Un día antes, mi padre compraba los regalos para su esposa y en la noche los colocaba al lado de la cama de sus hijos para que al final de la madrugada los tomáramos en nuestras manos y corriéramos a despertar a esa pobre mujer y a darle obsequios que ni siquiera habíamos elegido. Ninguno de los tres hermanos tenía entonces más de 11 años. Y puedo decir que aquel día resultaba para nosotros todo un acontecimiento familiar, social, e incluso sentimental. Y luego de recibir los obsequios y los arrumacos, mi madre contestaba siempre con la misma frase: “El mejor regalo que me pueden dar es portarse bien.” Pobre ilusa, mi querida madre. El único ser que no hace mal es el no nacido.

En cuanto tuve uso de razón, es decir, cerca de los 15 años, me desprendí de aquella pomposa celebración. Mi mamá lo comprendía: “Guillermo es así. Dice que él me celebra cuando se le da la gana. Y que no es un borrego.” Mi padre enfurecía y me obligaba a felicitar y a darle un abrazo a su mujer, cosa que yo hacía de mala gana. Ya desde entonces creía tener una opinión del mundo y de sus desgracias. ¡Qué desagradable puede ser un adolescente, y más si cree que con él comienza la cuerda! Por cierto, hace más de 20 años que vivo con una mujer, no nos casamos, no quisimos tener hijos y ni siquiera recuerdo el día en que la conocí: no tenemos aniversario. ¿No es un alivio? También olvido los cumpleaños de mis amigos y creo que el rostro del celebrado es algo tan triste y desolador que ningún escritor podría describirlo dignamente. La única fecha que recuerdo, aunque no para alabarla, es el día en que pago la renta. De lo contrario me echarían a la calle y eso sí no voy a permitirlo.

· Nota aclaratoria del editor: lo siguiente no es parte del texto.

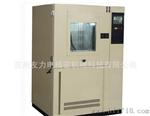 厂家提供优质LP/SC-500沙尘箱 恒温试验设备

Pese a ser reacio a las ceremonias del 10 de mayo amé a mi madre y durante toda mi vida temí su muerte. Nadie como ella comprendió a tal grado mis tribulaciones ni logró encontrar en mí virtudes de las que obviamente carecía. Cuando ella murió, hace más o menos 10 años, no recuerdo el día, yo me transformé en otro y comprendí el dolor humano concentrado en la orfandad, el miedo y el azoro. El día de su entierro yo no me encontraba presente en mí mismo: flotaba, deambulaba sin núcleo ni raíces y mis ojos ni siquiera sabían mirar. Observaba la ceremonia y el entierro como si justamente en ese momento todo comenzara a tener sentido. Es decir: la vida tenía sentido porque había perdido su fundamento y su origen. Y entonces todo lo demás, el futuro y sus achaques dejaron a un lado su gravedad y comprendí que podría vivir sin gracia ni sorpresa.